Gokula139 commented 2 months ago

Not the html file is generated for all the fastq files. HTML file is created only for 40 and then there is no response from the container. It is running for a long time, and it is not stopping as well.

s-andrews commented 2 months ago

If you've run this as a single-threaded process then you should be able to figure out which file is causing the crash/stall as it would be the next one in the list which didn't get processed. If you can then try to run that file and see what output is generated we can try to track this down. Alternatively if you can share the file which is failing with me then I can run it and see what happens. If the process has been stalled for more than a few minutes with no additional output then there's no point leaving it running so you can kill the process which is there and start again on the problematic file.

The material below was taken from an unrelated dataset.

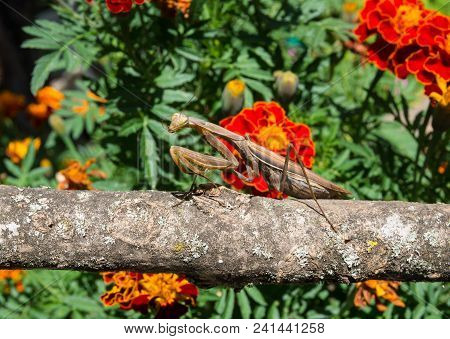 Mantis Religiosa. Mantis Brown Insect. Praying Mantis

Gokula139 commented 2 months ago

Hello,

I am trying to find logs for this process. But I couldn't find the logs, where the logs will be written to? Directly in the console or somewhere. If it is somewhere, could you please tell me where I can find it?

Thanks

Gokula139 commented 2 months ago

Will the issue raise because of memory! what is the default memory the JVM uses here? Do we have any ways to increase it through parameters?

s-andrews commented 2 months ago

If you're using the latest FastQC then it will assign 512MB to each thread you launch. This should be enough for pretty much all libraries, but if you need more then you can increase this using the --mem command line option.

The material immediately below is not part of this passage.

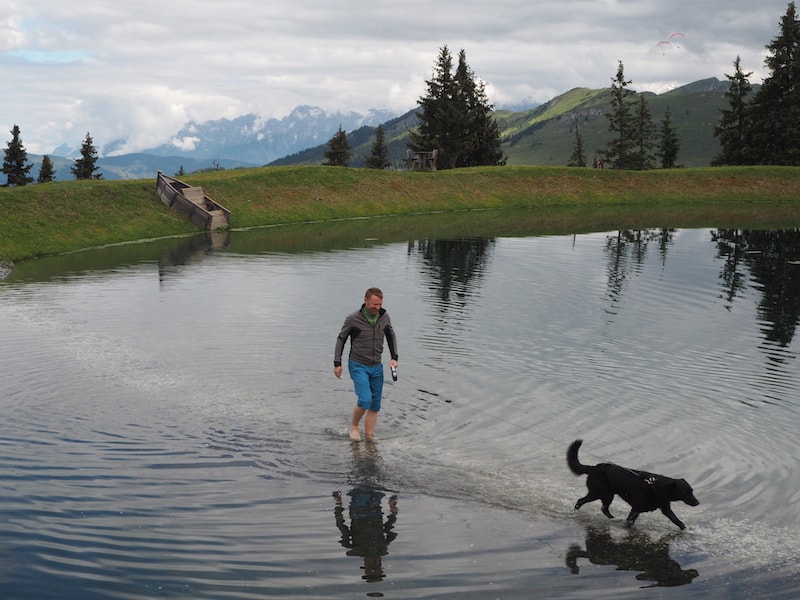 Besser ist es da, mit Herrchen durch den Spiegelsee zu laufen ...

When launching this on a cluster you will need to assign slightly more than 512MB per thread as there will be a memory overhead from the JVM itself. If you assign a few GB that should cause no issues and should be more than enough.

s-andrews commented 2 months ago

I am trying to find logs for this process. But I couldn't find the logs, where the logs will be written to? Directly in the console or somewhere. If it is somewhere, could you please tell me where I can find it?

It really depends how you've run this. FastQC itself just writes this information to stdout and stderr, so it will be wherever you are sending that in the way you launch the program. If you just did:

fastqc mydata.fq.gz

Then it will just print to the terminal in which the process was launched. If you did a redirection such as:

fastqc mydata.fq.gz > log.txt 2>errors.txt

Then the output will go into the log.txt and errors.txt

If you've run this on a cluster with something like:

ssub -o log.txt fastqc mydata.fq.gz

Then it will go into the log file you specified. If you are using slurm and don't specify a log file then it goes to a file in your home directory named after the job id, so something like 1234.o or 1234.e.